Her dad put Alyx in the center of the car and quietly slunk off to the driver's side.

"Without Calhoun we'd all be dying of heat stroke in train cars. He deserves..."

And a brilliant green flash of light blinded them all, and from the light one of the nameless generic guards stumbled forward. He shook so badly he hardly seems aware of it.

"Thank god you made it," Dr. Rosenberg said. "We were just..." and here he glanced at Magnusson "...talking about you. We were afraid you might have been caught in an infinite harmonic reflex. If such is the case, then you're quite lucky to..."

"I saw him." The guard leaned up against the van. His helmet sat at a strange angle, but only Alyx noticed when he pulled it back down. "Freeman. Soldiers got him."

Everyone fell silent. Dr. Magnusson swiveled between everyone.

"So?" he demanded. "If this car isn't out of the complex soon we'll be every bit as dead as he."

"Lambda had all their hopes on him." Dr. Kleiner glanced at Eli, but, now in the driver's seat, Dr. Vance only stared out the window. "Without him the complex will surely..."

"It doesn't matter now," Rosenberg said. "All we can do is keep moving." He slung an arm around Calhoun's shoulders and moved him toward the car. "You're looking a little peaked, Mr. Calhoun. We'll see what we have to... Oh, wait."

He'd moved to take Calhoun's helmet, and Calhoun dropped into the backseat as everyone else stared. At the hairline, just above his right eye, was a matted patch of bloody hair.

"Soldiers broke in after you were gone." Calhoun's voice was monotone and dead. "I think they're all dead. Can't be sure."

Rosenberg waved Kleiner and Magnusson toward the car. "Maybe you should lie down in the back. I think you're likely to have an adrenaline crash before long. And Mr. Calhoun?"

"Barney. Please."

"Barney... if you don't mind my asking, what kind of first aid have you been giving yourself?"

They were interrupted by Kleiner sliding into the car. He stuffed his crowbar beneath the seat, and Alyx climbed into his lap.

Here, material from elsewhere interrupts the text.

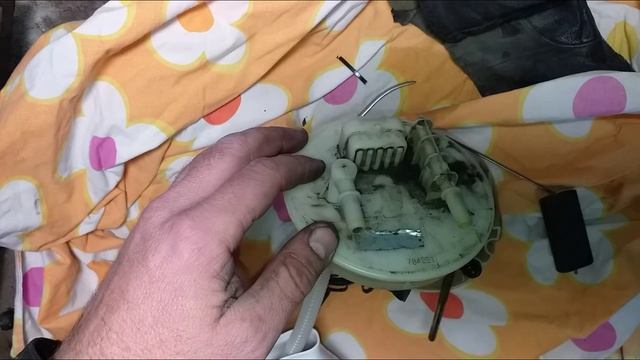 Как одеть трубку на бензонасос. смотреть онлайн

Without a word, Barney reached into both front pockets and pulled handfuls of epinephrine needles.

"Jesus!" Rosenberg climbed into the backseat but remained on his knees, looking back into the trunk. "How many of these have you taken?"

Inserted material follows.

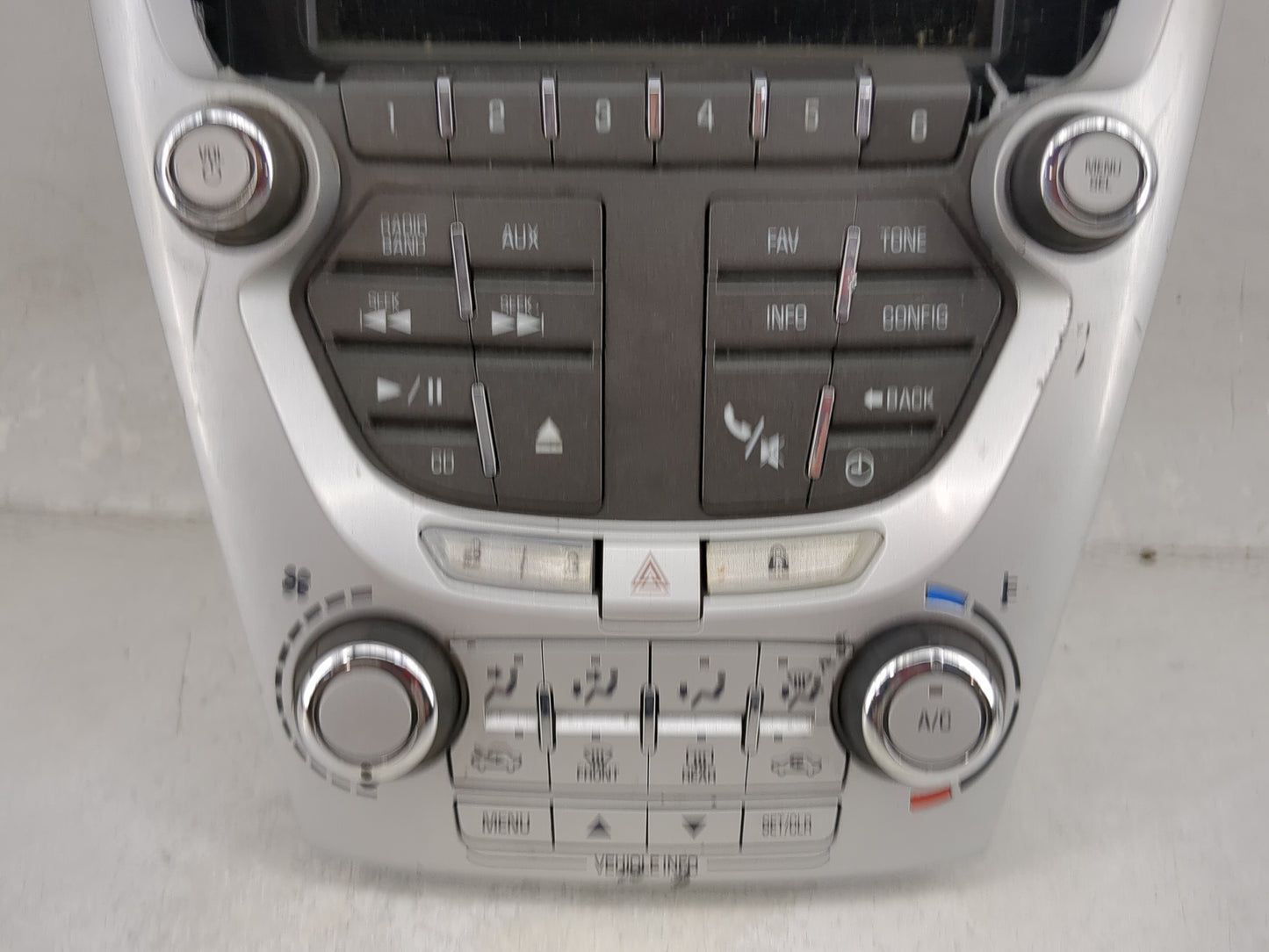 2012-2015 Chevrolet Equinox Radio Control Panel 1474621 - Oemusedautoparts1.com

Barney shook his head and shrugged. The car lurched forward, and the epi-pens fell from his hands. Alyx peeked her head up over the seat and watched them go.

"I raided the first aid station as well," Rosenberg admitted. "Splints... morphine... bandages. Does your head need...? No? Ice packs, probably useless. And... what's this? Cyclobenzaprine? Damn, they were ready for anything. Listen, Calhoun-Barney-we'll try this first We've only got so much morphine and god only knows when we'll need muscle relaxants."

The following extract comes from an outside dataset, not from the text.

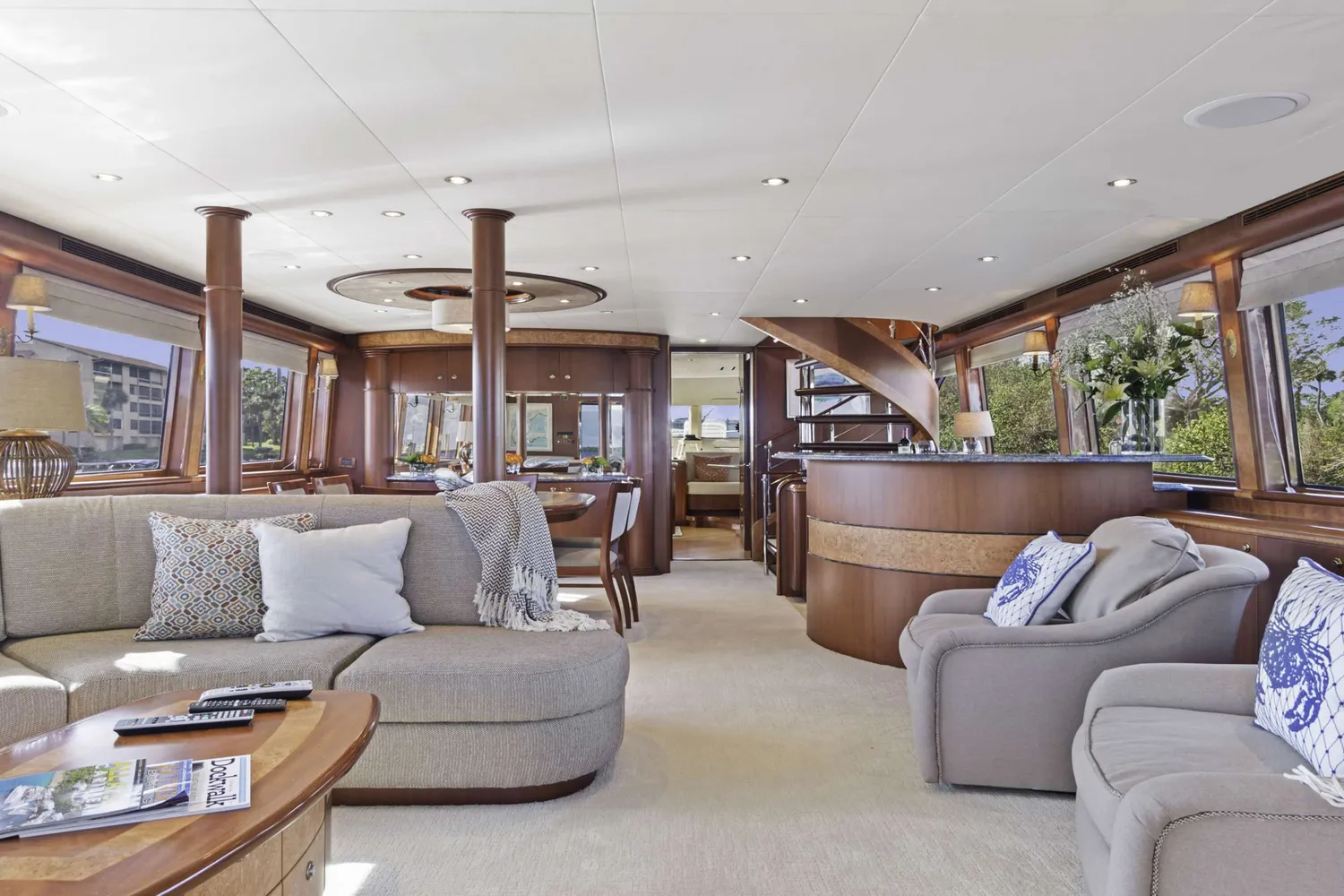 yacht-597575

"Relaxers," Magnusson corrected from the front seat.

"I don't really need anything," Barney said.

"When's the last time you slept?"

Barney said nothing.

"That's what I thought. These'll knock you out for a while. Anyway, morphine I know interacts with epinephrine. Cyclobenza... I don't think this does. Do you know, Arne?"

Magnusson flung up his hands.

"Who has water? It's a terrible idea to swallow these dry."

Kleiner, the only one in the backseat to still face forward, handed back a canteen. Barney took it and as he swallowed his eyes met Alyx's. It seemed to startle them both so that they kept staring, a little girl, barely four years old and now motherless, and a young security guard, blinking obsessively the right eye as the torn-up patch of hair leaked blood in a stream down his face.

"They'll more than likely knock you out for a while."

Barney nodded slowly, still staring blankly past Alyx. "I guess that'll be... I haven't slept since it all happened."

"Too long," Rosenberg pronounced. "That's... why, it must have been nearly..."

They all looked at one another, trying to count back on disrupted sleep cycles, missed sunrises, tram rides left untaken. Eventually Kleiner got the idea to check his PDA. As it turned out, it was May 20th, four days from the resonance cascade.